LRP1 expression in colon cancer predicts clinical outcome

Abstract

LRP1 (low-density lipoprotein receptor-related protein 1), a multifunctional endocytic receptor, has recently been identified as a hub within a biomarker network for multi-cancer clinical outcome prediction. As its role in colon cancer has not yet been characterized, we here investigate the relationship between LRP1 and outcome.

Materials and methods: LRP1 mRNA expression was determined in colon adenocarcinoma and paired colon mucosa samples, as well as in stromal and tumor cells obtained after laser capture microdissection. Clinical potential was further investigated by immunohistochemistry in a population-based colon cancer series (n = 307). LRP1 methylation, mutation and miR-205 expression were evaluated and compared with LRP1 expression levels.

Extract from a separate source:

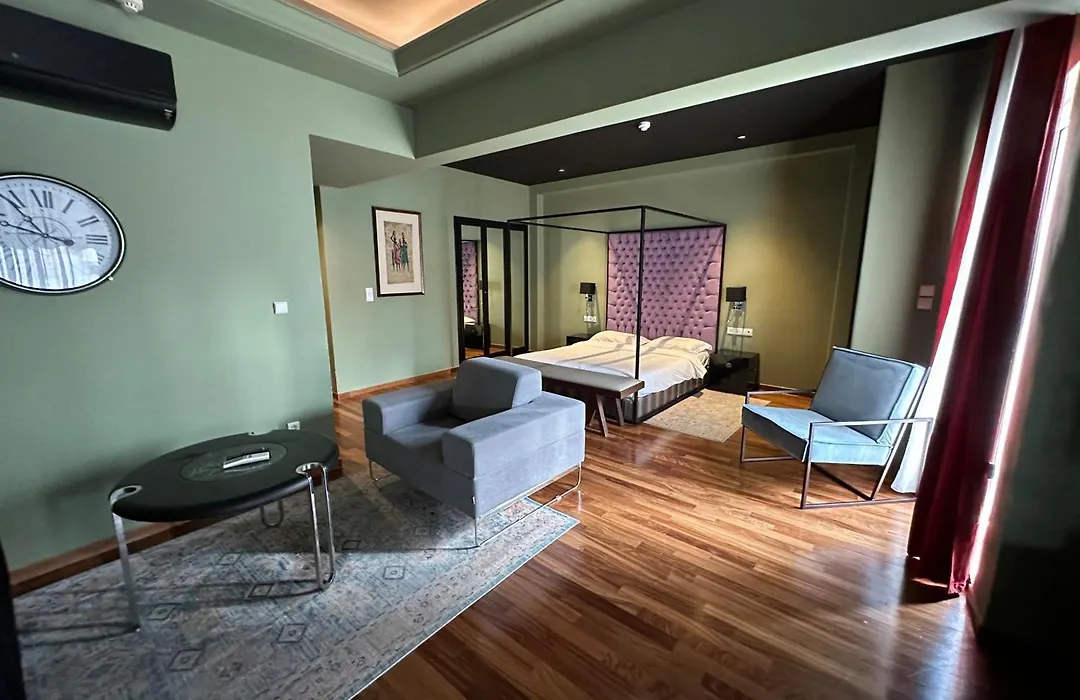Andromeda Suites-1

Results: LRP1 mRNA levels were significantly lower in colon adenocarcinoma cells compared with colon mucosa and stromal cells obtained after laser capture microdissection. Low LRP1 immunohistochemical expression in adenocarcinomas was associated with higher age, right-sided tumor, loss of CDX2 expression, Annexin A10 expression, CIMP-H, MSI-H and BRAFV600E mutation. Low LRP1 expression correlated with poor clinical outcome, especially in stage IV patients. While LRP1 expression was downregulated by LRP1 mutation, LRP1 promoter was never methylated.

Conclusions: Loss of LRP1 expression is associated with worse colon cancer outcomes. Mechanistically, LRP1 mutation modulates LRP1 expression.

Keywords: BRAF; LRP1; Pathology; colorectal cancer; miR-205; microsatellite instability.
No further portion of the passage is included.